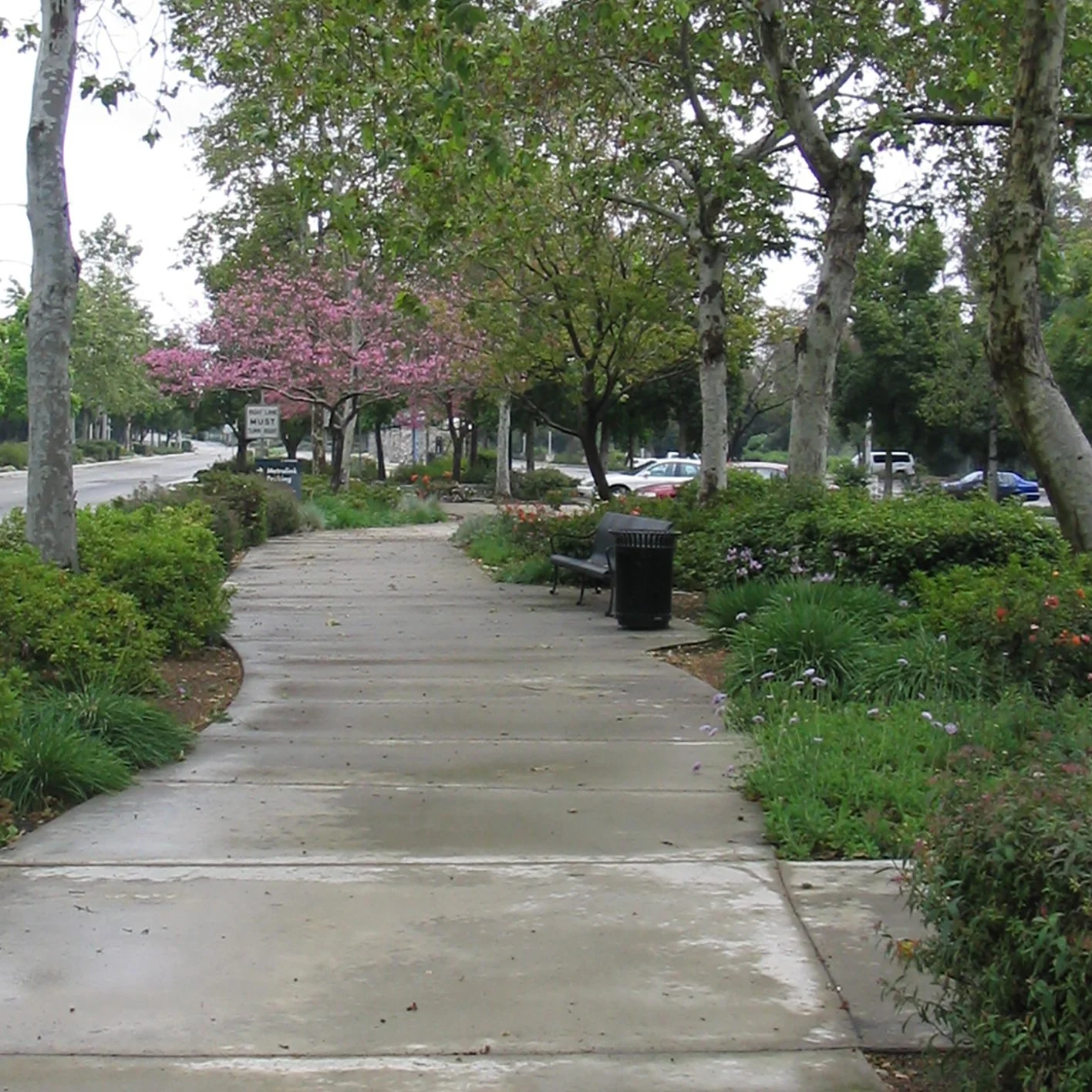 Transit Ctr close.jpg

------

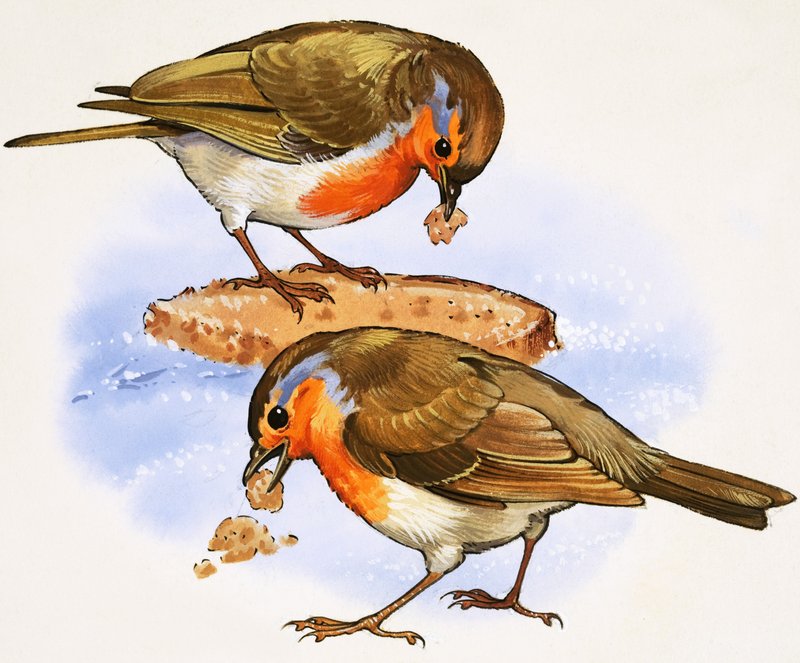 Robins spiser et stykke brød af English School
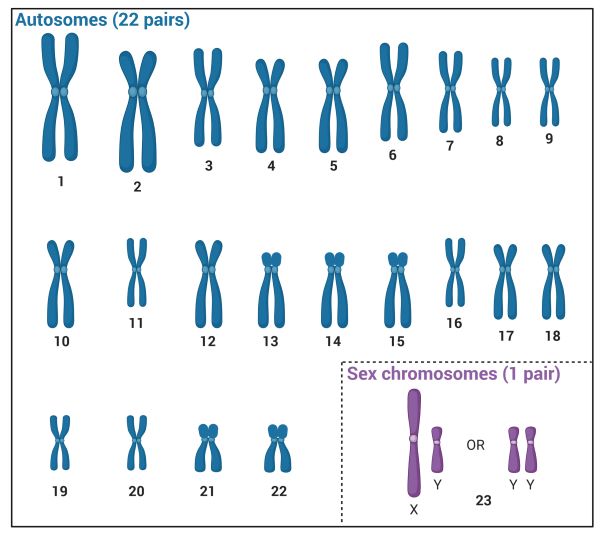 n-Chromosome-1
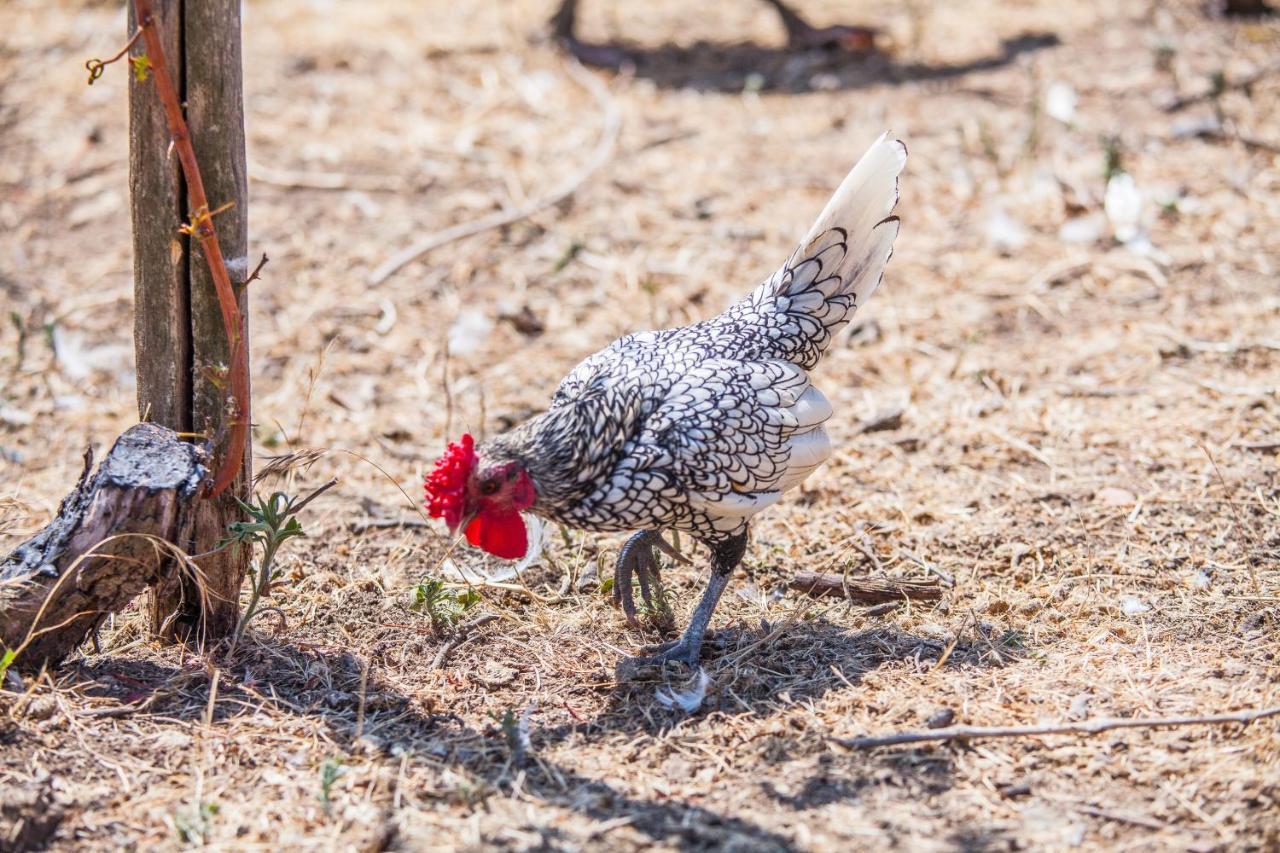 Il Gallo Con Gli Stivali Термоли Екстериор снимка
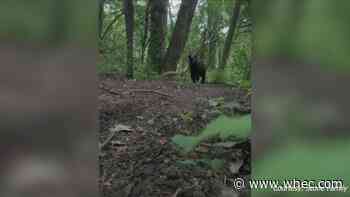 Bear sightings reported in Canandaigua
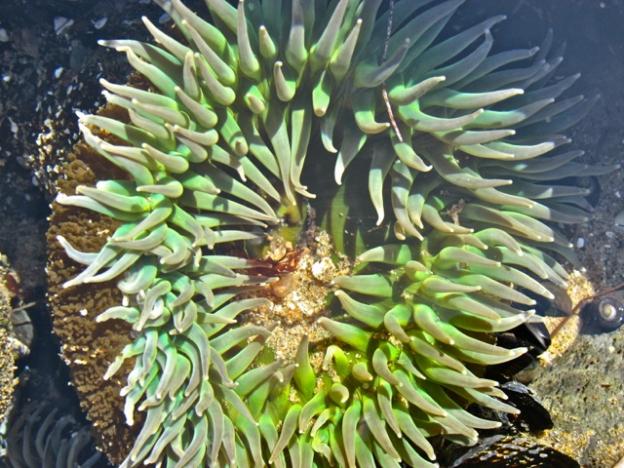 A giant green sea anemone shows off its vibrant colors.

------

What this task involves -
What you return must match the lines above from the one with "Il Gallo Con" through the one with "A giant green" exactly, with both ends included and the pictures excluded.

Answer to the exercise -
 Il Gallo Con Gli Stivali Термоли Екстериор снимка
 Bear sightings reported in Canandaigua
 A giant green sea anemone shows off its vibrant colors.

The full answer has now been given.